A US-led team of 18 astronomy groups used the occasion to study KBO 55636 from the Kuiper Belt on the outskirts of the Solar System.
They tell the journal Nature that the occultation lasted only 10 seconds.
But this was enough time to determine the object's size and albedo, or reflectivity, the team said.
The Kuiper Belt is a collection of space objects, remnants from the Solar System's formation.
These objects lie beyond the orbit of the Solar System's most remote planet, Neptune.
The Kuiper Belt is similar to the asteroid belt, but instead of being composed of mainly rock and metal, most of its bodies are frozen volatiles - methane, ammonia and water.
So far, scientists have detected over a thousand Kuiper Belt Objects (KBOs), but they believe that there may be as many as 70,000 of them.
The lead author of the study, MIT professor of planetary astronomy, James Elliot, told BBC News that the recently observed KBO 55636 probably formed as a result of a space collision about one billion years ago.
He said that a dwarf planet known as Haumea might have been hit by another object, and this impact caused Haumea's icy mantle to break into a dozen smaller pieces, including KBO 55636.
The Kuiper Belt is home to several dwarf planets, one of which is Pluto.
Prof Elliot explained that in order to spot KBO 55636 as it passed in front of a star, he had to get together a team of 42 astronomers from 18 observation stations located in Australia, South Africa, Mexico and the US.
"For several years, we've been accurately measuring the position of the KBO.
"With an accurate orbit, we just projected where it was going to be in the sky and looked for stars that it might occult."
The scientist explained that it was hard to predict exactly where the KBO would pass.
In order "to be on the safe side", his team used a number of observation stations along a 5,900km stretch of the Earth's surface that corresponded to the predicted shadow path of the space body.
"It was our way of hedging our bets," he said.
Out of the 18 telescopes aimed at the sky, only two stations, both in Hawaii, managed to detect the 10-second-long stellar occultation.
The researchers then measured the exact amount of time that the star was blocked from view and the velocity of the KBO's shadow moving across Hawaii.
Using this data, the team determined the object's size - about 300km in diameter - and its albedo, or ability to reflect light.

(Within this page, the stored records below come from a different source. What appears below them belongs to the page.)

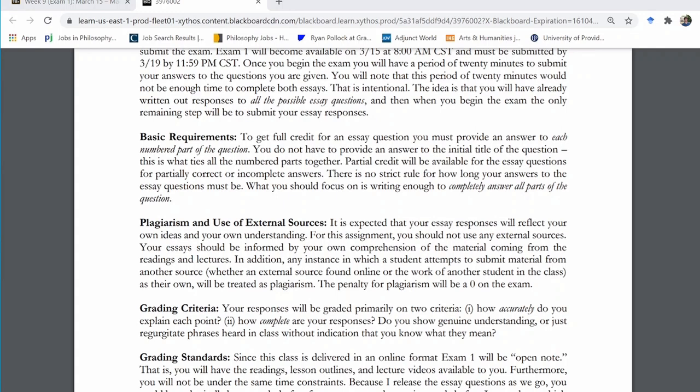The second, higher standard is accuracy and understanding. Do you show me that you truly understand the material? Do you explain it in your own words? Do you use good examples? Do you make reference to the text where necessary? Do you show mastery of the material? Those are the two things I'm looking for.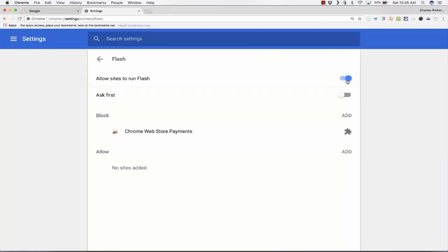This is Flash. So click on Flash, and the same thing is here. You can turn off Ask First, so Adobe Flash will always run without any permission. Like Chrome in Windows, you can see there is a Block section and there is an Allow section. I don't allow any website here to run Flash so far.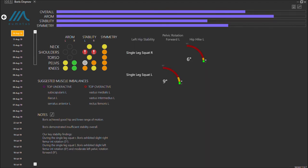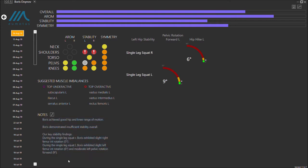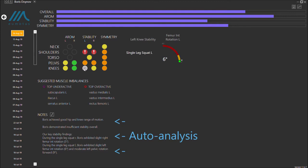Now, we know it can be hard to process all the data that our system produces, so that's why we've created the Auto-Analysis. Our Auto-Analysis will produce an easy-to-understand paragraph about the key takeaways for a given movement.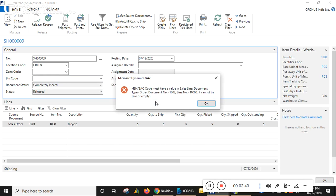See, this is the error: 'HSN/SAC code must have a value.' But if you have not enabled the functionality which I discussed, you will not get this error. Thank you for watching.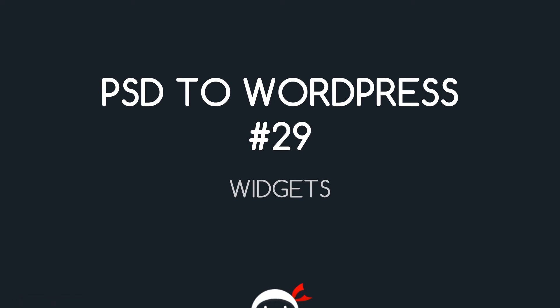Yo, what the hell's going on guys? Welcome to your 29th PSD to WordPress tutorial and in this video we're going to talk about widgets.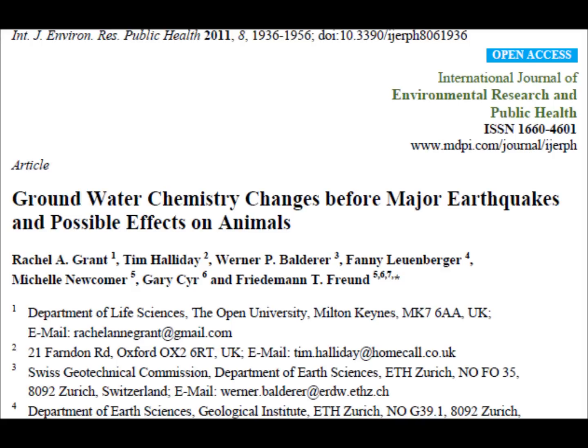I have an awesome article here that discusses changes that occur before earthquakes and a new mechanism that can account for all of the earthquake effects that we see. In the past, nobody understood why all these different types of phenomena seem to occur before an earthquake. This paper explains a mechanism that can account for all these different effects, including changes in the groundwater chemistry before an earthquake, possible effects on animals, and a few other earthquake effects.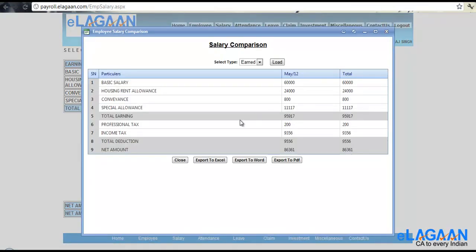This is the various earned salary, this is your actual salary. Generally you will see a difference between earned salary and actual salary if there has been any LWP, so if you have taken excess leave and if there has been a salary which has been deducted.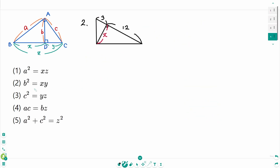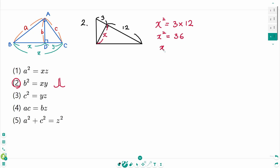Question 2. Use formula number 2: b squared equals x times y. Then x squared equals 3 times 12, so x squared equals 36. Then x equals 6 or minus 6, but reject the negative because x is always positive. Therefore, x equals 6.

The scientists thought that the surface of KBO 55636 would be rather dull, unable to reflect much light due to space weathering, dust accumulation and bombardment by cosmic rays.
But the results were unexpected, said Prof Elliot.
"We found out that this object is much smaller than we thought before and that it is very reflective - it reflects most of the light that hits the surface."
He explained that the surface is probably made of ice - very much like the surface of Pluto.
But bigger objects, such as Pluto or Saturn's moon Enceladus, are able to brighten their surfaces with a fresh supply of ice from processes such as cryovolcanism which sees ice - not lava - spew from the interior of the objects.
This explanation did not really apply to the KBO due to its tiny size and the time it had spent floating in space, said the professor.
"I am not sure [why the albedo is so high]. Maybe because water-ice surfaces are more robust and don't get darkened by cosmic ray impacts and other things that darken other surfaces."